# DATA:
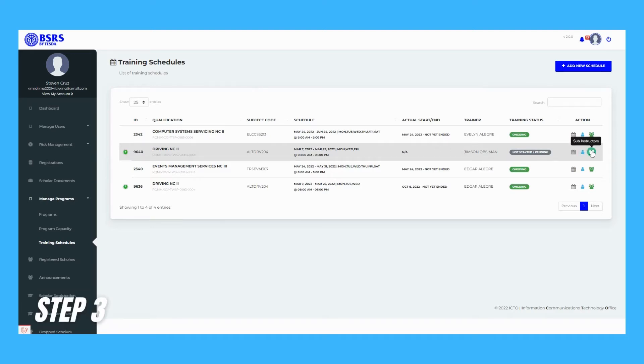Step 3. Click the Color Green Users Icon button to change or assign sub-trainers.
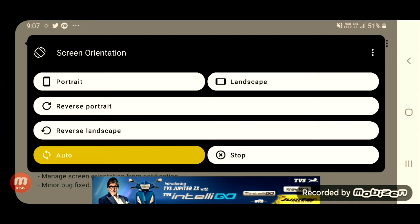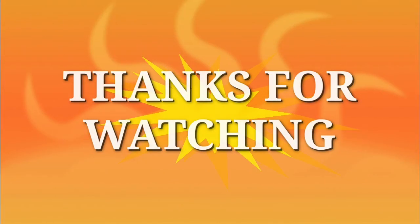You can download it throughout the screen orientation app. Click the link. We will see the link there. If you want to like the video and you are watching this, please share the link.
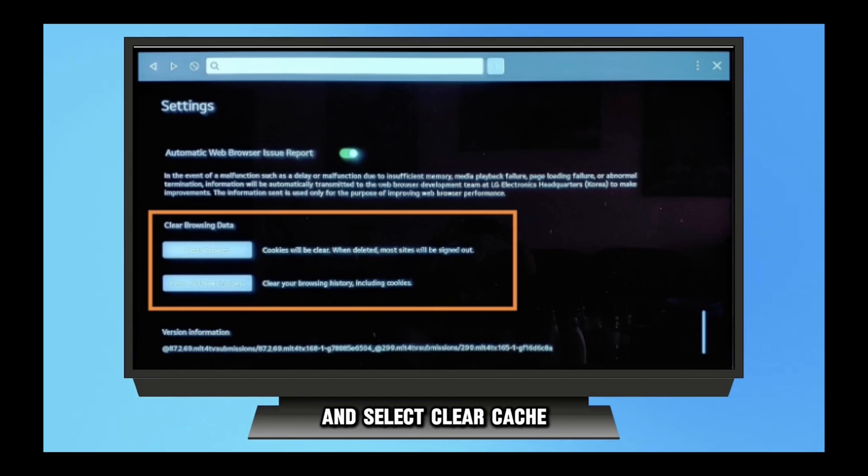Step 7: Verify your cache clearance. You will see a confirmation dialog asking if you wish to delete the cache. Tap 'Yes' to continue. Step 8: Await finalization. The cache on your LG Smart TV will now be cleared. The amount of data will determine how long this takes.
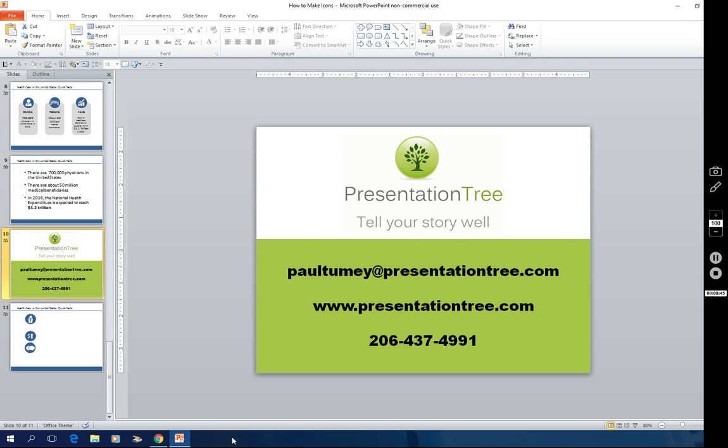I train in PowerPoint virtually and I also create slides for clients all the time. So if there's anything I can do to help you, please feel free to reach out. Thanks for watching and look for our other lessons on iconic PowerPoint.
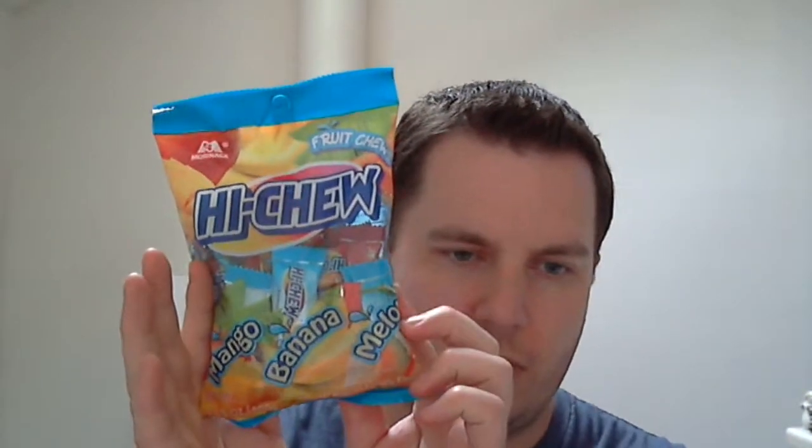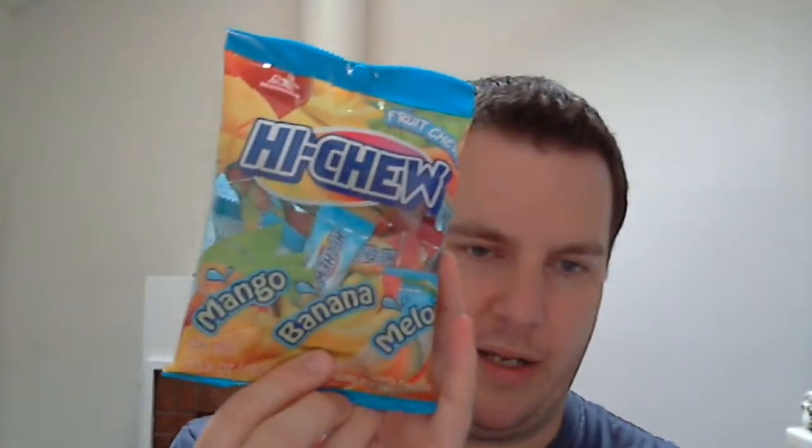But Hi-Chews come in either a pack like this, where you can get three different flavors in a nice pack. We got mango, banana, and melon in this one. And they also come in packs like this, like you would see regular candy on the shelves. This is a 10 pack, there's 10 pieces of Hi-Chews in here. We've got peach here. And this is the American version, obviously, because everything's in English. And the Japanese one.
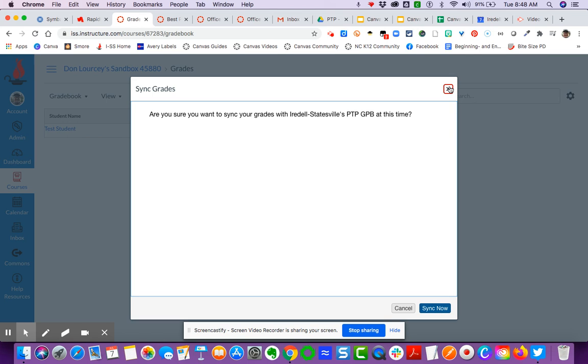Once you do that, depending on how many grades you have and how robust your grade book is, it's not going to do it necessarily instantaneously.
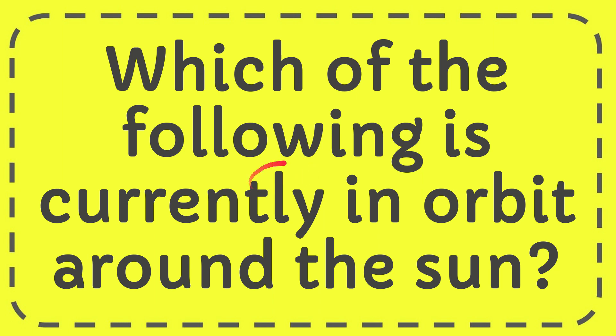In this video, I'm going to give you the answer to this question. The question is, which of the following is currently in orbit around the sun?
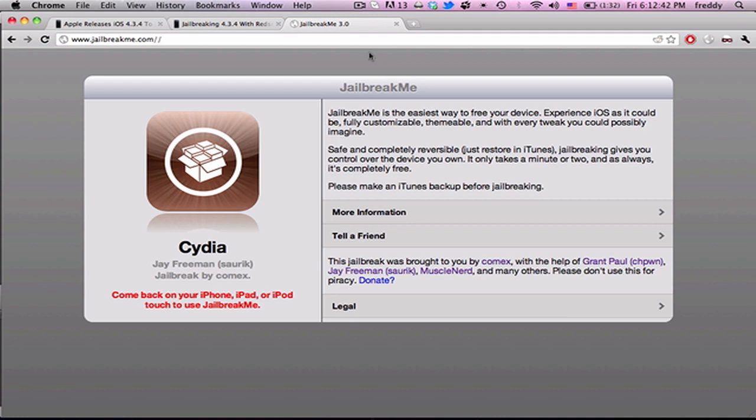Hello, YouTube. So as many of you probably know, recently ComX released jailbreakme.com 3.0, which is a jailbreak for most notably the iPad 2 on 4.3.3, as well as all of the devices.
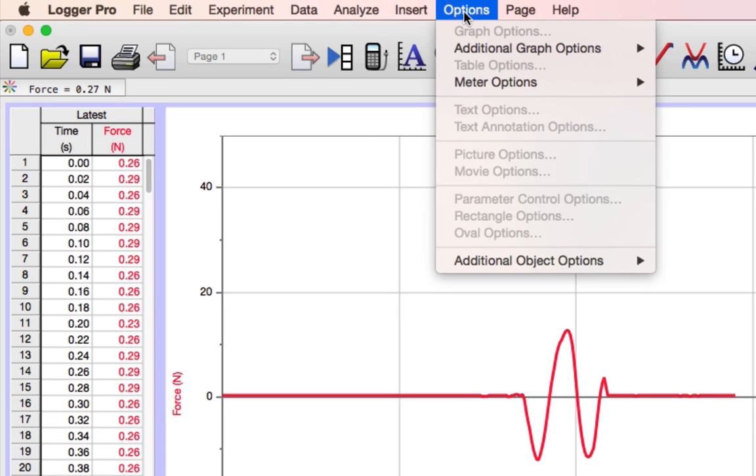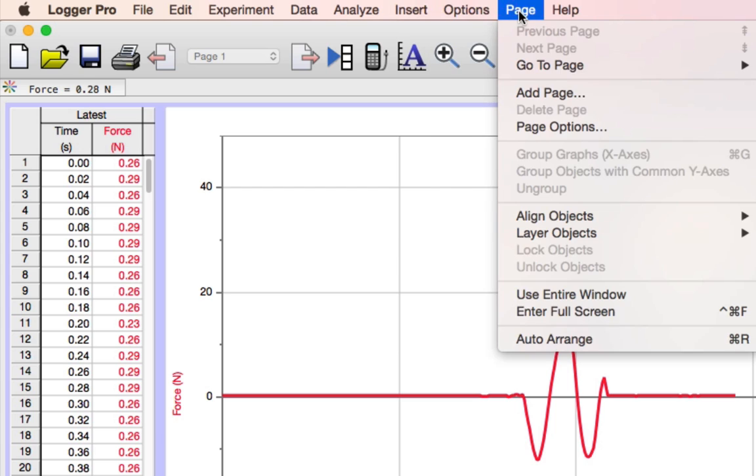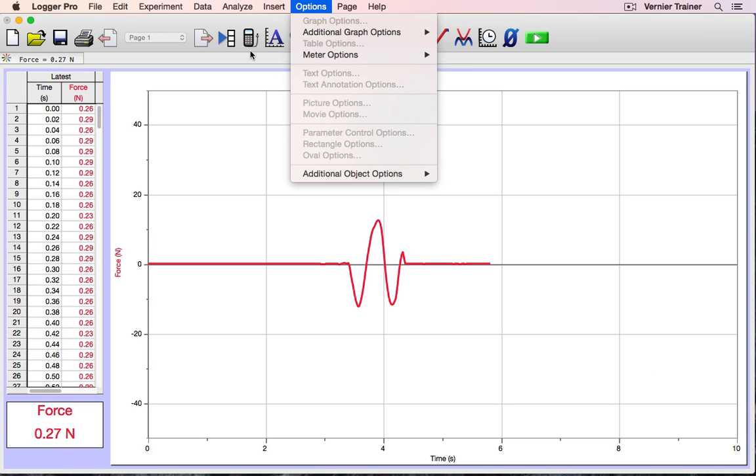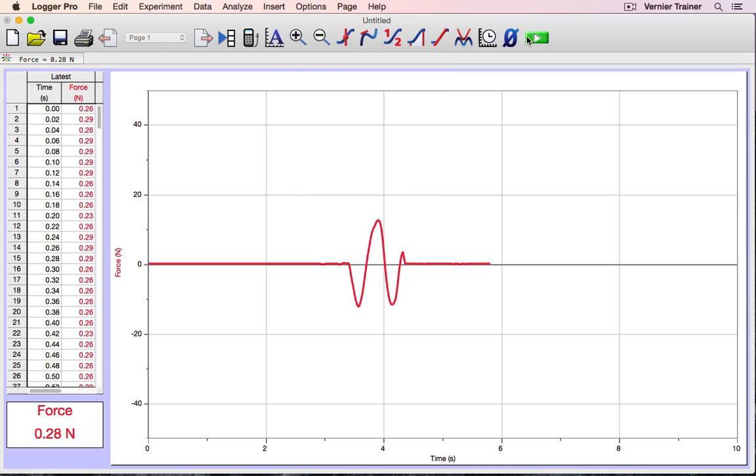Beneath that, I have a row of shortcut buttons that give me quick access to the features in Logger Pro that I'll use most frequently.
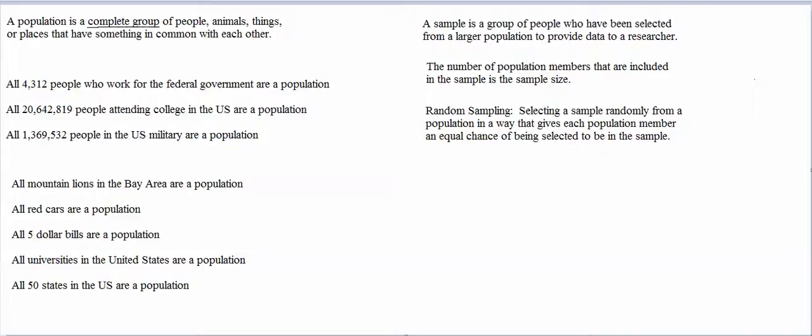If certain population members are missing from your list of population members, or if their contact information is missing, then your sampling strategy is technically not purely random.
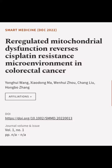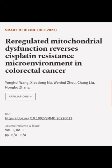This article was authored by Yonghui Wang, Xiaodong Ma, Wenhui Zhou, and others.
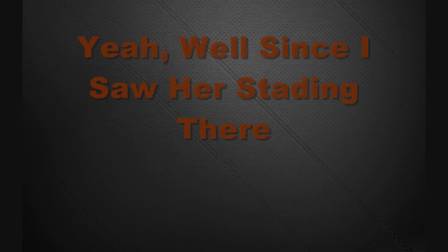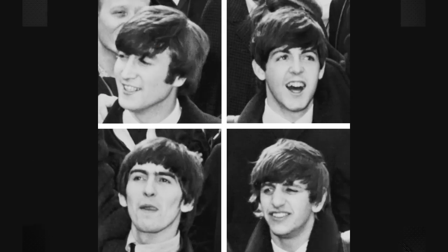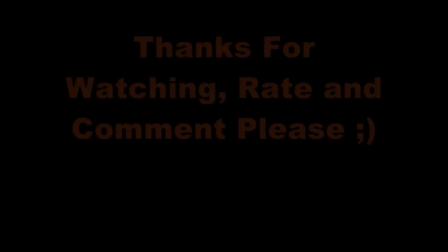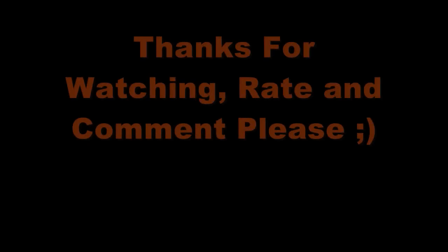Yeah, well, since I saw her stand there. Yeah, well, I cannot live with her.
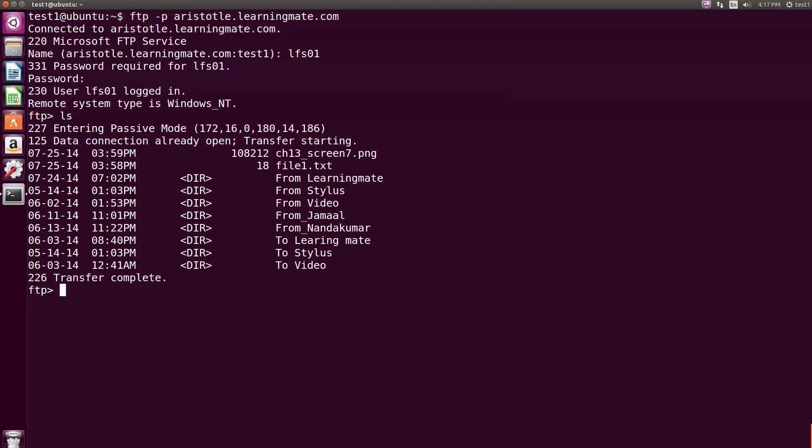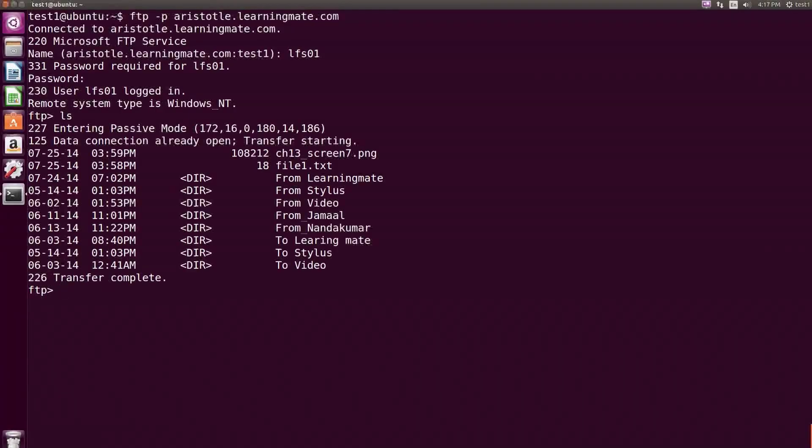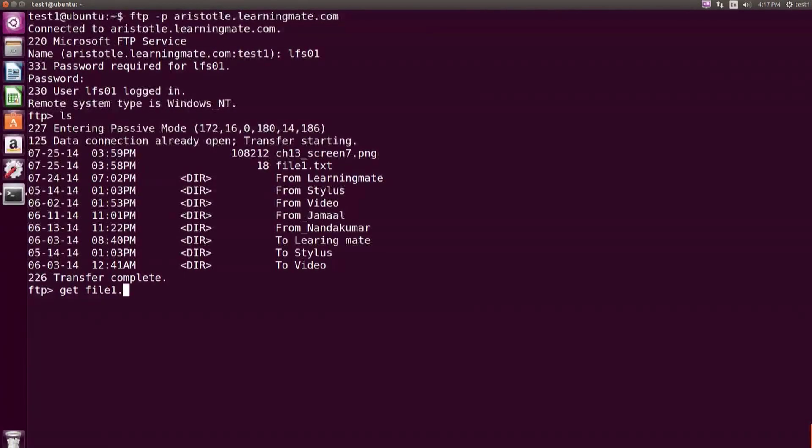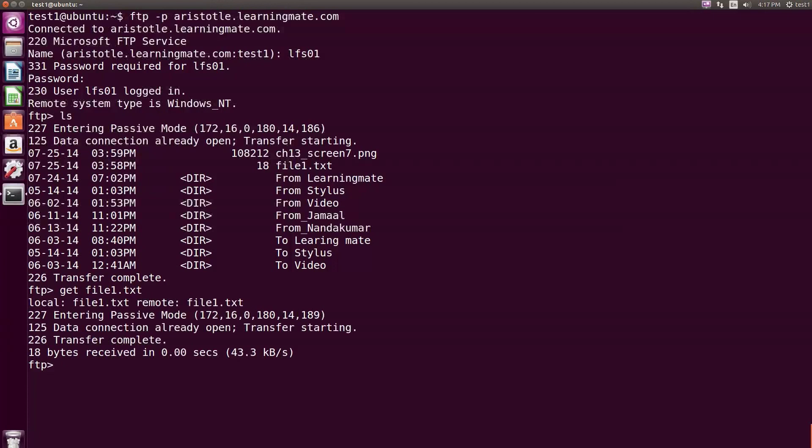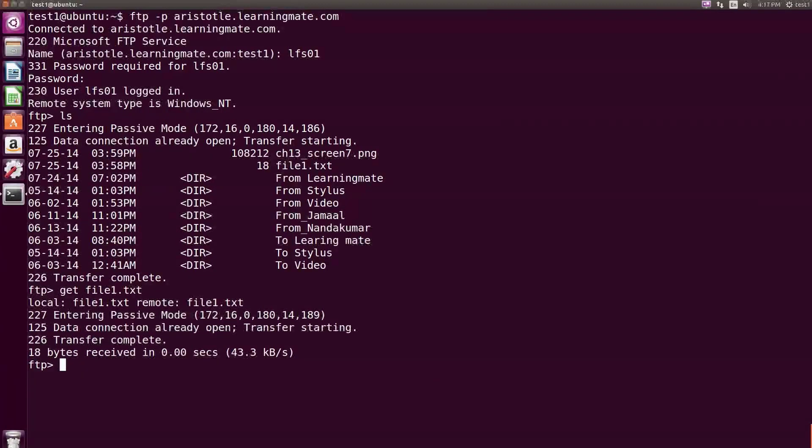To retrieve file1.txt, type get file1.txt and press enter. The specified file is received from the FTP server.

# EXERCISE INSTRUCTIONS:
Return word for word the lines from the beginning of the entries through the line that contains "This article was", both ends included, but no pictures.

# EXPECTED ANSWER:
Step 3. Click the Color Green Users Icon button to change or assign sub-trainers.
You can download it throughout the screen orientation app. Click the link. We will see the link there. If you want to like the video and you are watching this, please share the link.
Step 7: Verify your cache clearance. You will see a confirmation dialog asking if you wish to delete the cache. Tap 'Yes' to continue. Step 8: Await finalization. The cache on your LG Smart TV will now be cleared. The amount of data will determine how long this takes.
I train in PowerPoint virtually and I also create slides for clients all the time. So if there's anything I can do to help you, please feel free to reach out. Thanks for watching and look for our other lessons on iconic PowerPoint.
But Hi-Chews come in either a pack like this, where you can get three different flavors in a nice pack. We got mango, banana, and melon in this one. And they also come in packs like this, like you would see regular candy on the shelves. This is a 10 pack, there's 10 pieces of Hi-Chews in here. We've got peach here. And this is the American version, obviously, because everything's in English. And the Japanese one.
Once you do that, depending on how many grades you have and how robust your grade book is, it's not going to do it necessarily instantaneously.
In this video, I'm going to give you the answer to this question. The question is, which of the following is currently in orbit around the sun?
Hello, YouTube. So as many of you probably know, recently ComX released jailbreakme.com 3.0, which is a jailbreak for most notably the iPad 2 on 4.3.3, as well as all of the devices.
Beneath that, I have a row of shortcut buttons that give me quick access to the features in Logger Pro that I'll use most frequently.
If certain population members are missing from your list of population members, or if their contact information is missing, then your sampling strategy is technically not purely random.
This article was authored by Yonghui Wang, Xiaodong Ma, Wenhui Zhou, and others.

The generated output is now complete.